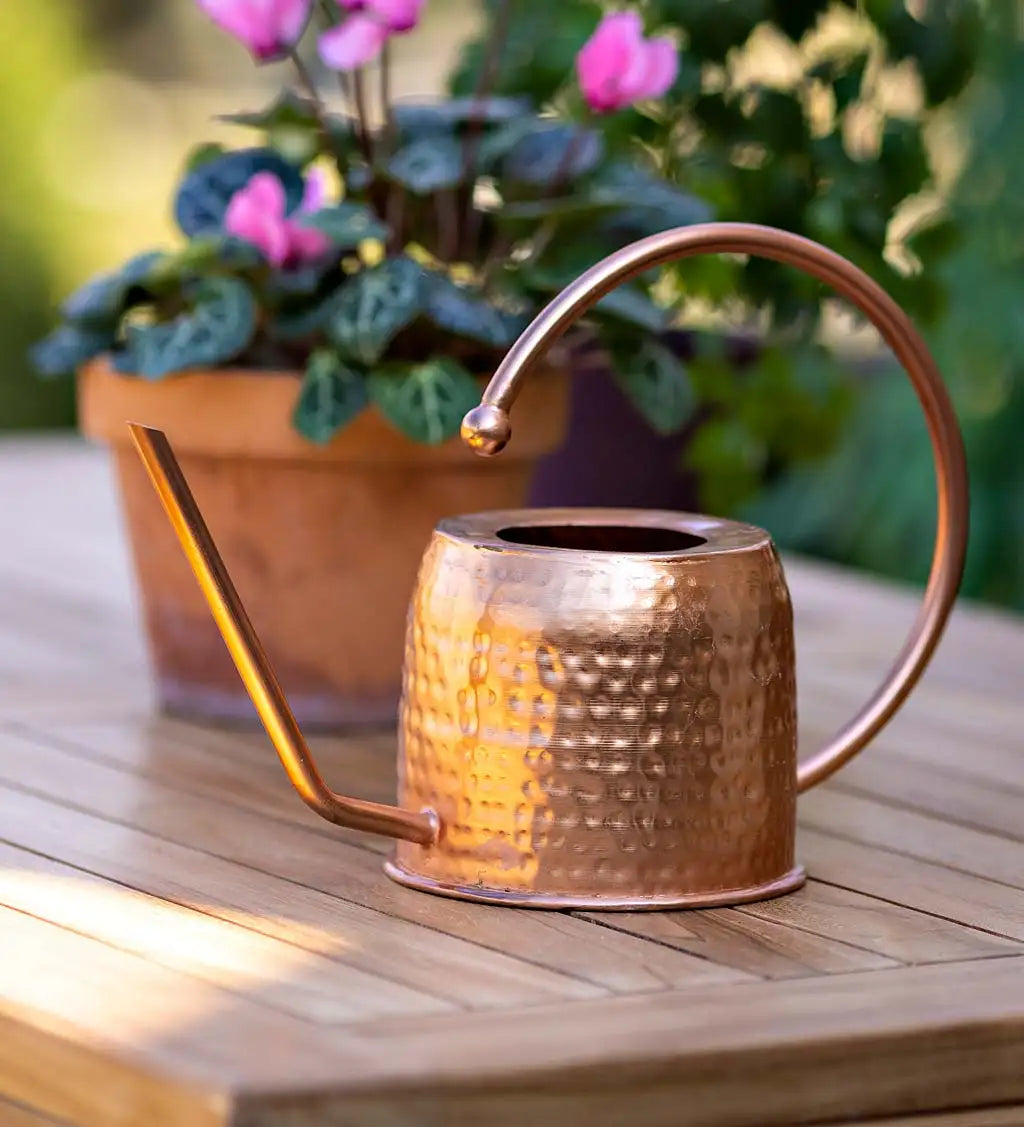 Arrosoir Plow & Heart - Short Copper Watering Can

---

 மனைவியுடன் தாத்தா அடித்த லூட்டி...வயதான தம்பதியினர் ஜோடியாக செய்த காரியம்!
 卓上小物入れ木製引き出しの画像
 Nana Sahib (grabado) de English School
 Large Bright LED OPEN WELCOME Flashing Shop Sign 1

▶ **EXERCISE PROMPT**
Restate word for word the entries above from the line with "Nana Sahib (grabado) de English School" through the line with "Large Bright LED", inclusive, leaving out everything else.

▶ **ANSWER TO THIS EXERCISE**
 Nana Sahib (grabado) de English School
 Large Bright LED OPEN WELCOME Flashing Shop Sign 1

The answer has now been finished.